At $180 for the 32GB model (or $200 for 64GB), the Apple TV is definitely on the high-end side of streaming devices. But, if you already have an iPhone, iPad and/or Mac computer, you're going to find trouble finding a better streaming set-top box for you. And as a bonus, if you buy one right now, Apple is throwing in a free year to its upcoming streaming service Apple TV+.
PlayStation 4 Pro
In case you want a lot more than what the Chromecast Ultra or Streaming Stick+ can give you, then look no further than the latest gaming consoles. And with Sony's PlayStation 4 Pro, not only will you get access to apps from Netflix, Amazon Video, HBO, Hulu and all the other big streaming apps, but you'll get them in 4K and HDR, too -- assuming they support it and you're subscribed to the right plan, of course. Sony also has its own PlayStation Store, which lets you purchase new (and old) movies and TV shows right on your console. In case it wasn't clear the first time, what's better about the PS4 Pro compared to the regular PS4 is that you can watch content in 4K.

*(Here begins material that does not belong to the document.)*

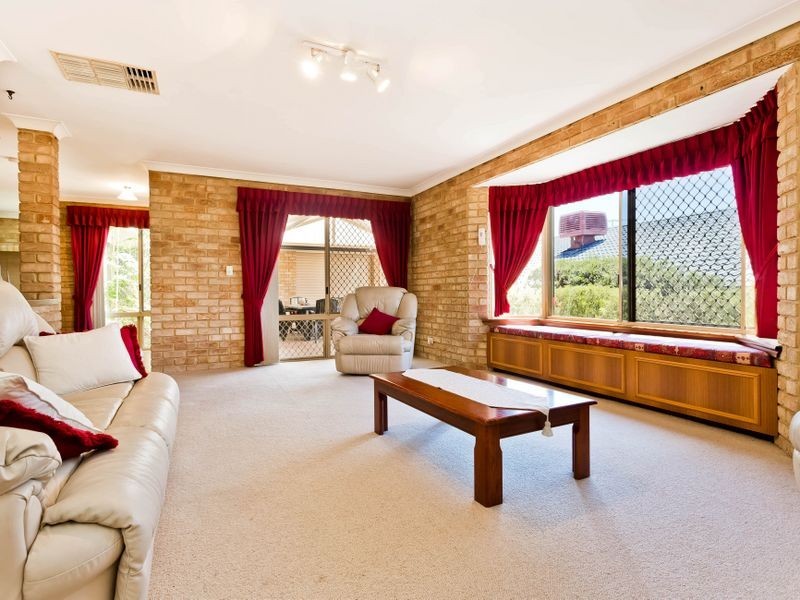 30 McKivett Crescent, Leeming WA 6149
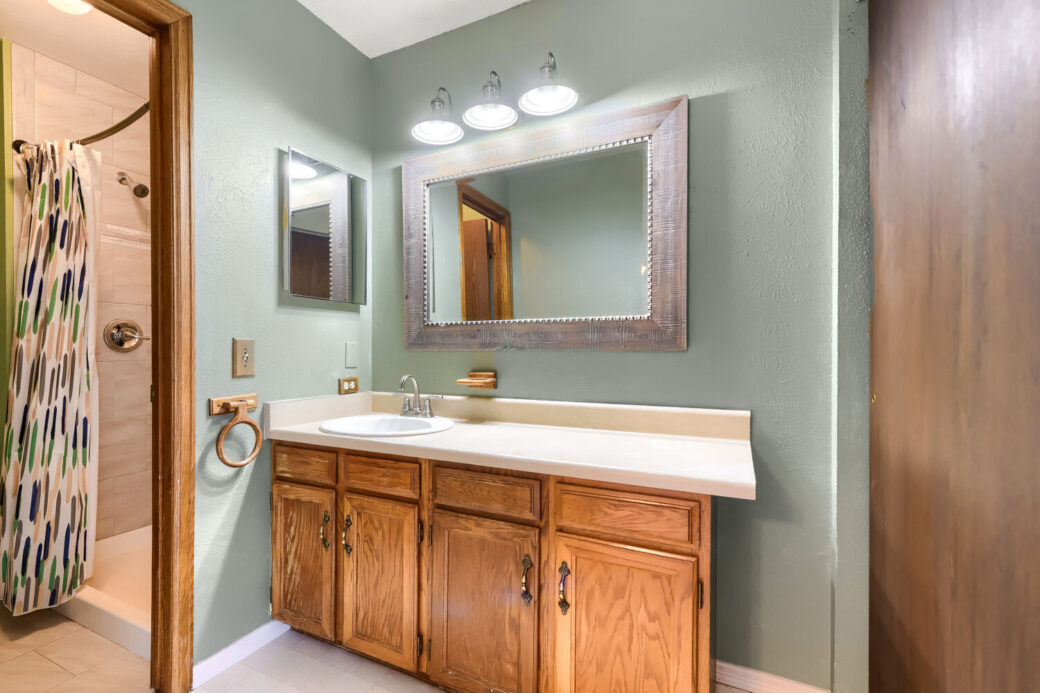 18911 E Loyola Cir – Web Quality – 024 – 24 Bathroom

Now, although you can play games on streaming devices like the Apple TV 4K, the best of the best will be on the PlayStation 4 Pro in ultra high-definition. It helps Sony that many of the top-rated games of the past years, like Marvel's Spider-Man, are available exclusively on PS4, and look especially good on the Pro console. The PS4 Pro may not be designed as a streaming set-top box first and foremost, but it works great as one. And let's not forget you also have access to PlayStation Now, if you're willing to pay the $20 per month for Sony's game-subscription service.
Sure, you're going to have to shell out $399 for the PlayStation 4 Pro, which is more than the Apple TV 4K, Chromecast Ultra and Roku Streaming Stick+ put together. But where else are you gonna be able to watch a Netflix show or movie in 4K and then, on the same device, start playing God of War right away after you get tired of watching TV?
Xbox One S All-Digital Edition
There may not be a device that celebrates the golden era of streaming more than Microsoft's Xbox One S All-Digital Edition. It's a gaming console that doesn't take any discs, a move by the company that shows where it believes the future of home entertainment is headed. Like Sony's PlayStation 4 Pro, the All-Digital Edition of the Xbox One S has apps for Netflix, Hulu, HBO Go, Sling TV, ESPN and the rest of the usual streaming suspects. And it, too, supports 4K and HDR video. It goes further, however, with support for HDR standards like Dolby Vision, and sound formats like DTS:X and Dolby Atmos.
But there is one major difference between the PS4 Pro and the Xbox One S All-Digital Edition, aside from the disc-less aspect of it: Microsoft's console doesn't do 4K games, which makes it way cheaper. It's also not much more than an Apple TV 4K, either, and with the All-Digital One S you're getting a lot more flexibility. Naturally, Microsoft has its own digital store too, where you can buy or rent movies and shows to stream from the Xbox One S All-Digital Edition -- in addition to the content you can get from apps such as Netflix.
Microsoft's all-digital console is basically an all-in-one-entertainment hub. You can stream movies, TV shows and music, download and play video games and even browse websites with the Internet Explorer app -- all in the same device. The best deal to be had is a bundle which includes the console and three titles: Minecraft, Sea of Thieves and Forza Horizon 3. This is a lot more than just a Netflix-streaming machine.